This thesis is focused on realisation of scores in the classical music practices today, detailing two case studies of how an interpretation is negotiated and developed by an ensemble; allowing for 4 comparisons to be made between the studies. The first case study, in which I perform the role of conductor, explores the role of an orchestra accompanying an opera group through the rehearsal process as well as performances. The second case study, a conservatoire consort, builds on the methodology of the first, providing a more detailed analysis of interpretation and communication of two consecutive rehearsals of the same piece. Analysis is underpinned by my own expertise of working in a group setting as a professional conductor, singer and violist, genre conventions and the context of the roles therein. A novel methodology has been created to combine multiple analytical tools to enable a more holistic view through intensive analysis of the data captured. Ethnographic research techniques, including video and individual microphones are used to capture a series of rehearsals and performances. Grounded Theory is then employed to code video footage and scripts, in order to identify appropriate areas of investigation of communication; the code established in the first case study is then further developed in the second study. Changes in interpretation are analysed using Sonic Visualiser¹, primarily focusing on tempo and entrainment as accurate measurements of the developing realisation as well as analysis through listening to ascertain changes in dynamics, articulation, phrase ending and other musical features.

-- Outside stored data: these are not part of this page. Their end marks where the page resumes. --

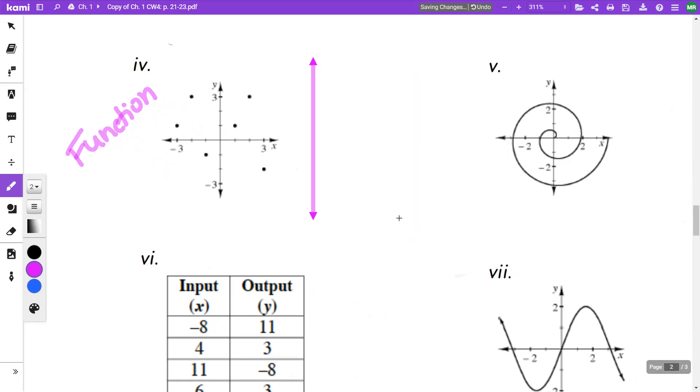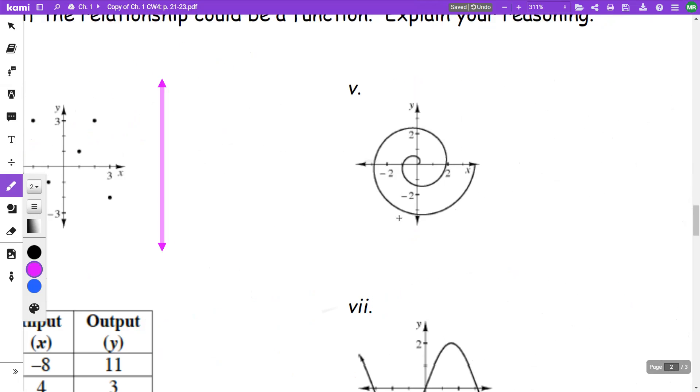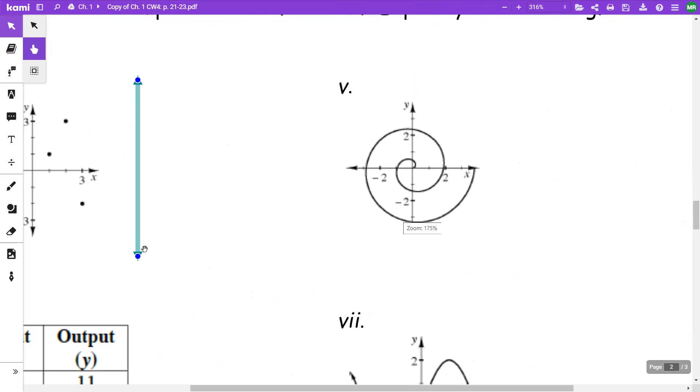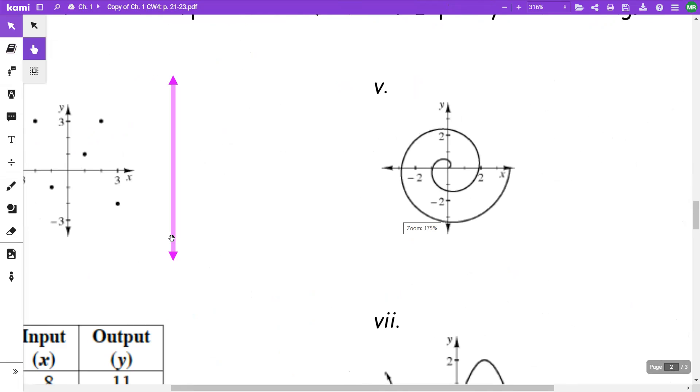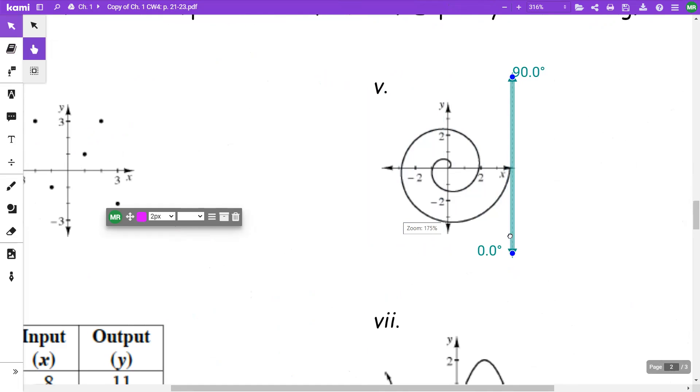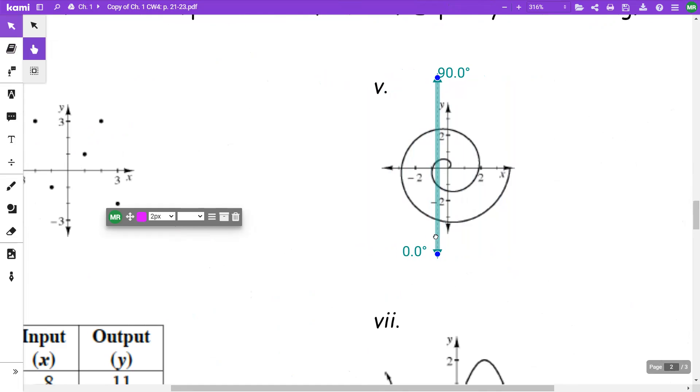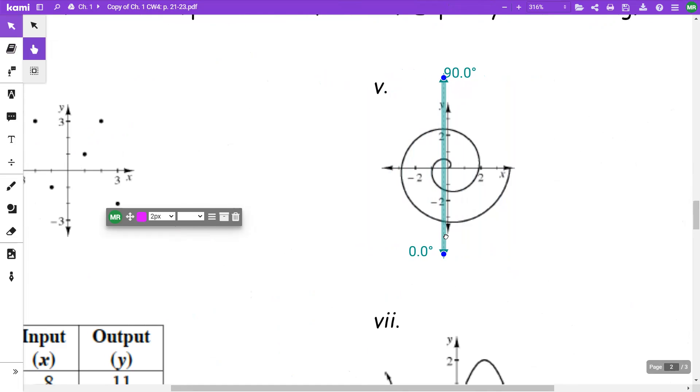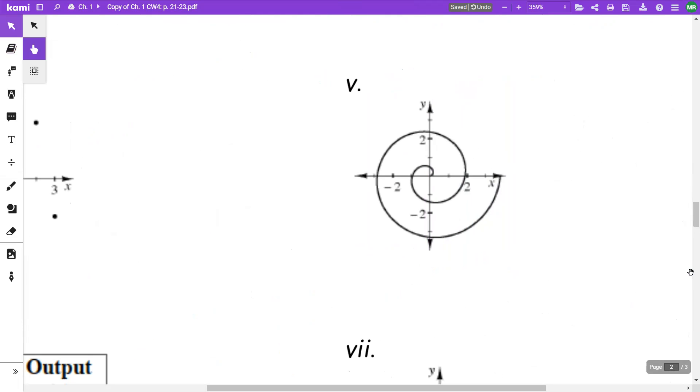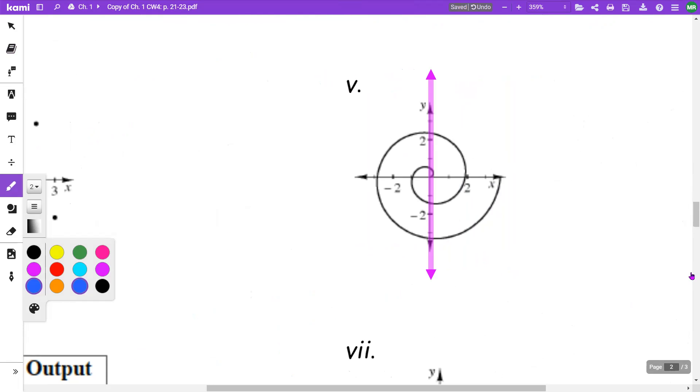When I look at this one and move that vertical line across, you see that this is going to touch in more than one spot. For example, if I stop here on the y-axis, I'm actually going to have a lot of spots that it's going to cross. When my x was zero, it's going to cross one time, two times, three times, four times, five times.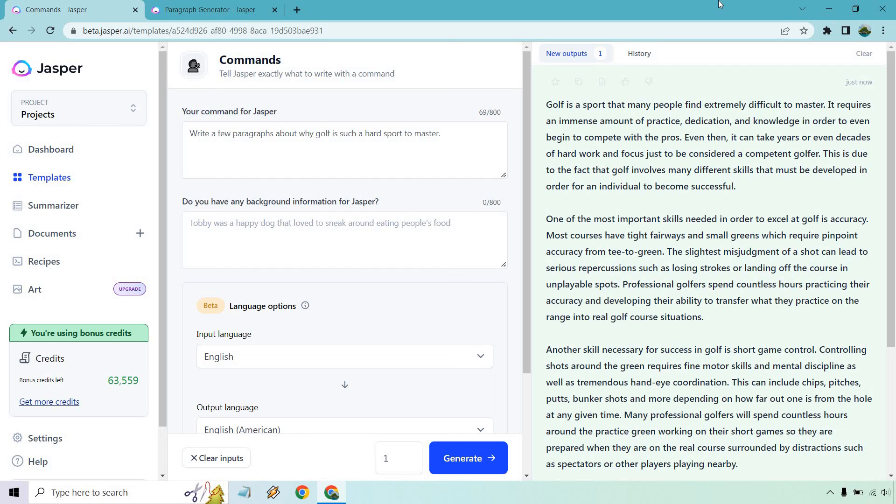But that about does it. I hope you got some value out of this where in case you haven't seen Jasper too much, you know how it works at least with the templates. If you have any questions, feel free to leave a comment down below. I'll also have my link where you can test out Jasper for free and get some many bonus words where you can just go nuts with it and test it out yourself. That about does it. My name is James. Thank you so much for watching as always, and I'll see you in my next video.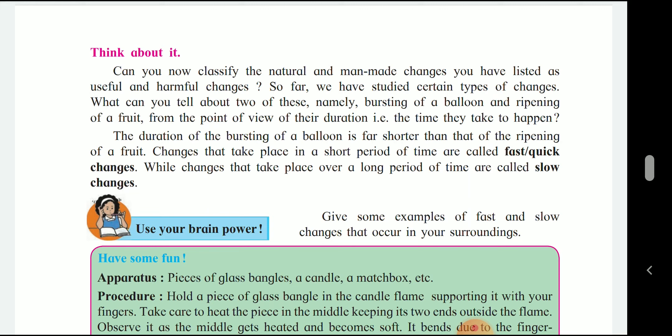If we classify changes as manmade or natural, the first thing is whether they are useful or harmful. We also have to know fast and slow changes. What change is fast? The balloon is fast because it happens in one or two seconds, and fruits ripen over one to two months. So the balloon bursting is a fast change and the fruit ripening is a slow change.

Findings show that interpretations develop organically, and refine through repetition - they are never finalised, as they are collectively negotiated in real time. Each repetition of the music is unique, as is each musicians’ perception, depending on their physical location and their response to changes. Verbal communication primarily provides structure and focus to the rehearsal while ensembles use repetition, reinforced with non-verbal communication to negotiate an interpretation and to problem solve. My research shows that repetition is a more effective tool for arriving at an interpretation than extended discussion about intentions. There is evidence that even in ensembles that are operating within the conventions of obeying the score, musicians do not always achieve this, sometimes intentionally but also unintentionally. Using this data, the thesis presents a musical communication model which is contextually driven and reflects the individual music making experience. This later combined with an interpretation framework which considers philosophical approach, performance conventions, ethical responsibilities, as well as the environmental and technical limitations that the performers operate within. Musicians will be able to use models to reevaluate their place in ensembles and to guide and challenge their work.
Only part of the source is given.